Meet the new boss, same as the old boss

cleve

September 27th, 2012
8:17 pm

It gets worse. At my school, some teachers with SLOs printed literally hundreds of answer sheets. We dutifully administered the tests to our students. Then we were told that the answer sheets were flawed and that we needed to print new ones. So we reprinted them, gave both sets of answer sheets to the students, and had them copy their answers from the old to the new sheets.

Welcome to DeKalb County. Meet the new boss, same as the old boss

Murphey

September 27th, 2012
8:57 pm

Does anyone know if these SLO tests are available on-line for the general public to look at?
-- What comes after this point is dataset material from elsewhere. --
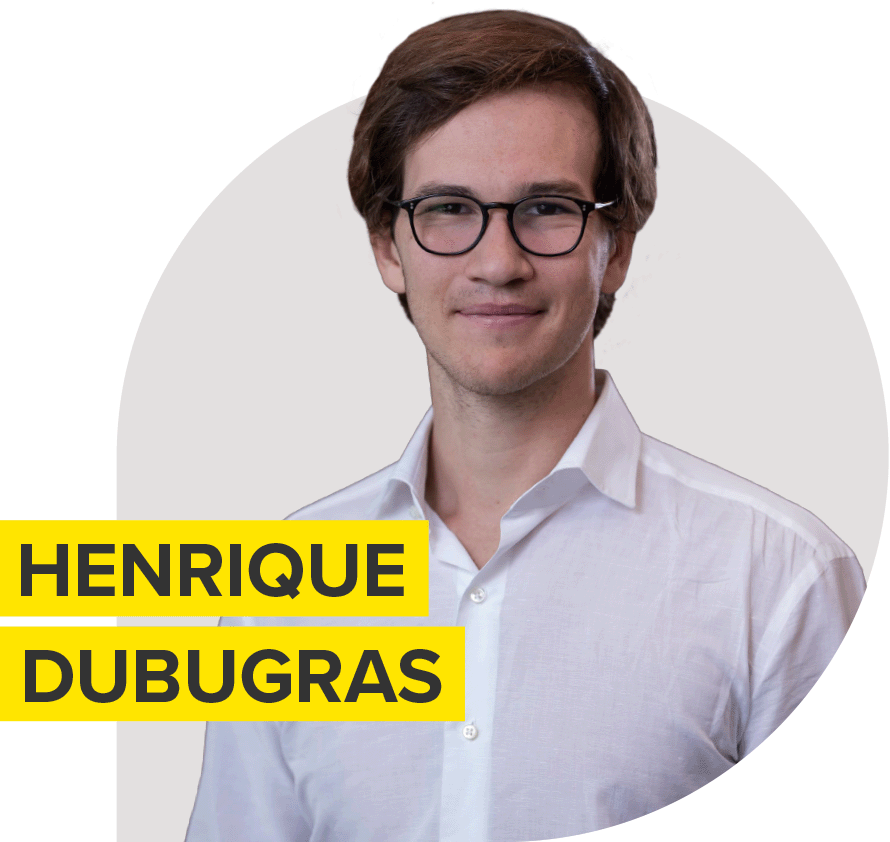 bios-henriquedubugras.gif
I think there could be a great newspaper article showing the errors and getting comments from the DOE folks who created the tests.
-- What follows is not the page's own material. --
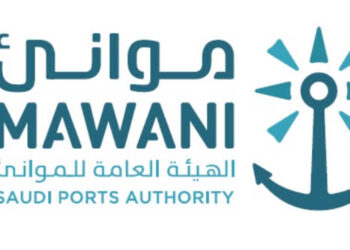 “موانئ” تحذر المقاولين من تشغيل المركبات بدون بطاقة تشغيل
Seeing is believing, although I already believe the teachers.

Karen Russell

September 27th, 2012
9:46 pm

As my team and I sat to score the tests this afternoon, we discovered MULTIPLE ERRORS in the ANSWER KEY. Obviously, these tests were rushed out without any review. I now have multi-page rubrics to score for each of my 22 students then multiply that score by 3.5 (and that’s just the reading portion). After scoring, then the answers must be transferred to a scan document. Who thinks this stuff up? Because of security and integrity, a teacher cannot take the tests home to score or bubble. When would the DOE have us complete these tasks? I need to teach, and that requires planning and the time to do so.
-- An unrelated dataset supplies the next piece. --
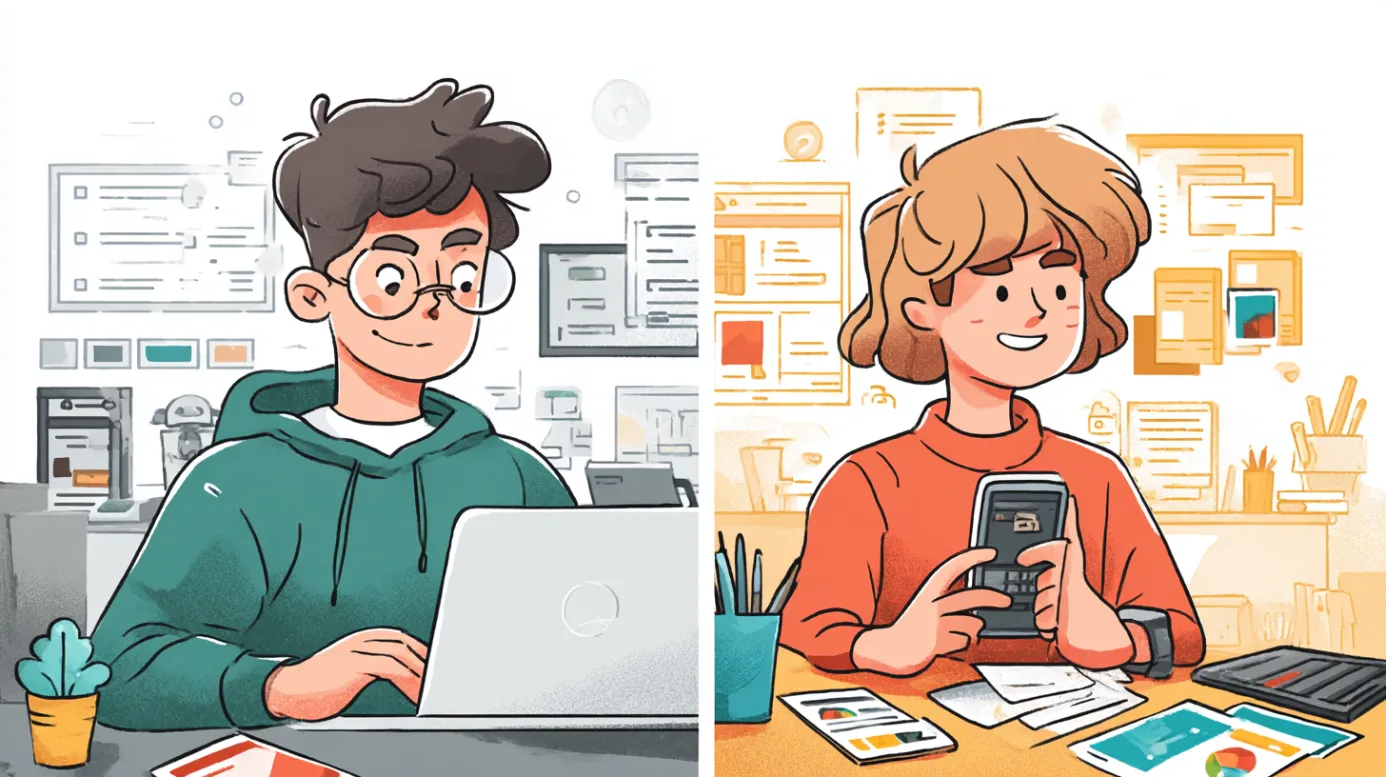 geekbrains-vs-skillfactory-android-razrabotka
Georgia DOE, this reflects very poorly on those managing testing for the state. Go back to the drawing board on this, or refund the “Race to the Top” money.

Private Citizen

September 28th, 2012
8:32 am

Who is forcing K-5 teachers to administers these SLOs? Who has that kind of political power? What / who is the source of this test?

Entitlement Society

September 28th, 2012
9:09 am

In this digital age, why in the world are these schools still using paper and pencils to test the children and teachers to manually grade the tests? This process should all be done online. What a complete waste of resources.

Eric

September 29th, 2012
1:03 am

The KEYS are a madhouse!

Ron

September 29th, 2012
1:04 am

Entitlement Society, the problem with education is overreliance on technology!!

djr

September 29th, 2012
11:47 am

Having worked for a large corporation and now as a teacher, I can say that teaching is not a business. Trying to document what we do in the classroom is only the mechanical pieces, there is much more that happens with the exchange, facilitating, and exploring of knowledge that takes place. There is much needed lessons on perseverence, never giving up, emotional support, and many other supports that a teacher performs that cannot be quantified or documented. These lessons are seen by administrators, fellow teachers, and parents/guardians. While we may not be able to document every part of our lessons, which are unique based on the uniqueness of the student population, we do make a difference in that students life. This should not be a paper chase, this should shown by the bureaucrats that think paper pushing is what we need to do to show the level of performance for teachers. This consept is a business concept and does not work with education. You cannot quantify the human interactions that take place each day with teacher, student, and parents/guardians. These interactions are what really helps the student grow, acquire knowledge, and become productive adults; not documented lesson plans and facts. I challenge the bureaucrats to come out of their very busy reading electronic documents tower and view what happens in each classroom each day with the social / economical demands placed upon teachers. Then decide if we truely just need an educational, qualified secretary to document what we do.

Pride and Joy

September 29th, 2012
9:39 pm

Biggest irony yet.
A teacher on this blog complains that “SLO’s are due on Friday. I have not finished.”
YET this complaining teacher has the TIME to blog?
You see, this is some of the reasons why parents like me don’t believe all the “whoa is me I am so overworked and underpaid” whiners.